Provided data: Begin
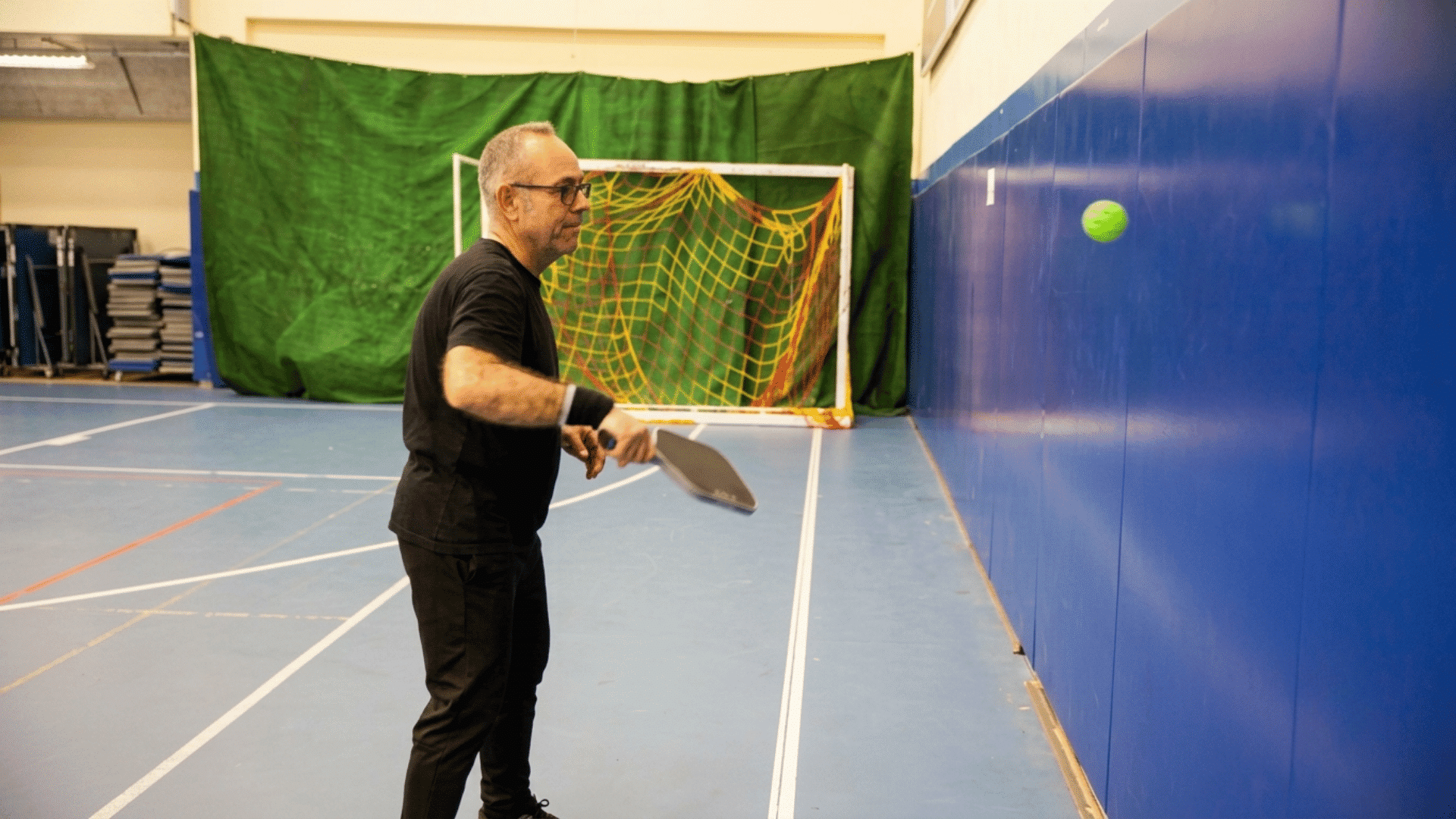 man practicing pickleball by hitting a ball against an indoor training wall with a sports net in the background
Provided data: End
Provided data: Begin
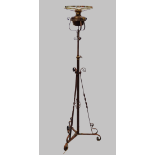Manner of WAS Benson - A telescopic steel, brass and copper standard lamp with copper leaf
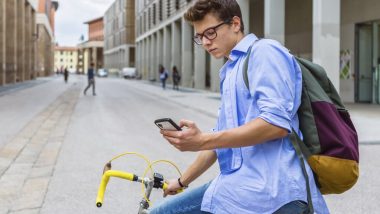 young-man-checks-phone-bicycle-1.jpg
Provided data: End
What to work on: Each line above from the one containing "Manner of WAS" through the one containing "young-man-checks-phone-bicycle-1.jpg" is to be returned verbatim. Nothing else, and no pictures.

Expected output:
Manner of WAS Benson - A telescopic steel, brass and copper standard lamp with copper leaf
 young-man-checks-phone-bicycle-1.jpg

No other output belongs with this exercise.